Article VII: Policies and Reinforcements

Section II: All members shall adhere to the Queens Honor Code as it relates to the club and its activities. Included in this code is the “Las Vegas Policy,” which states that what happens in meetings may not be shared with anyone outside the club. Because SAFE acts as a support group, confidentiality is expected from all participants. Anyone who is found to have shared information without the permission of the specific member or the club as a whole will be asked to leave.


6.Video and voice recording devices are not permitted at any club activities for any reason.

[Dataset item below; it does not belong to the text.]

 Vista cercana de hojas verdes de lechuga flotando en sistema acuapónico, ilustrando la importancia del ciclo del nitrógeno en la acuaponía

Flash photography is permitted, but no photos may be posted in any form or transmitted in any way (including, but not limited to, text message, social networking sites such as twitter, Facebook, or tumblr, email, or printed sources).  Photographs may be posted by the club

secretary/treasurer on the SAFE at Queens profile page with the permission of everyone who appears in the photograph.  If anyone has a picture they wish to post that may email the pictures to so that they may be posted properly.  Nobody will be tagged in any photos on Facebook.  If you wish to be tagged in a photo you may tag yourself in any photos that you appear in.  However, nobody is permitted to tag anyone except themselves, with or without the permission of the person they are tagging.  Every club member must sign a form once per school year authorizing the use of their photos by the club on the Facebook profile.  A member may opt out of authorizing the use of their photos simply by marking on the photograph waiver that they do not wish to authorize the use of their photos.  If any member wishes to change their authorization form during the school year they may notify a member of the Executive Board who will provide them with the proper form.  If any member of the club is found to have violated this policy they may receive one warning before being asked to leave the group.  Violation of this policy is a violation of our confidentiality agreement.

Confidentiality Agreement

It is understood and agreed to that the Discloser and the Recipient would like to exchange certain information that may be considered confidential. To ensure the protection of such information and in consideration of the agreement to exchange said information, the parties agree as follows:

1. The confidential information to be disclosed by Discloser under this Agreement (”Confidential Information”) can be described as and includes:

Technical and business information relating to Discloser’s proprietary ideas, patentable ideas copyrights and/or trade secrets, existing and/or contemplated products and services, software, schematics, research and development, production, costs, profit and margin information, finances and financial projections, customers, clients, marketing, and current or future business plans and models, regardless of whether such information is designated as “Confidential Information” at the time of its disclosure.

In addition to the above, Confidential Information shall also include, and the Recipient shall have a duty to protect, other confidential and/or sensitive information which is (a) disclosed by Discloser in writing and marked as confidential (or with other similar designation) at the time of disclosure; and/or (b) disclosed by Discloser in any other manner and identified as confidential at the time of disclosure and is also summarized and designated as confidential in a written memorandum delivered to Recipient within thirty (30) days of the disclosure.

2. Recipient shall use the Confidential Information only for the purpose of evaluating potential business and investment relationships with Discloser.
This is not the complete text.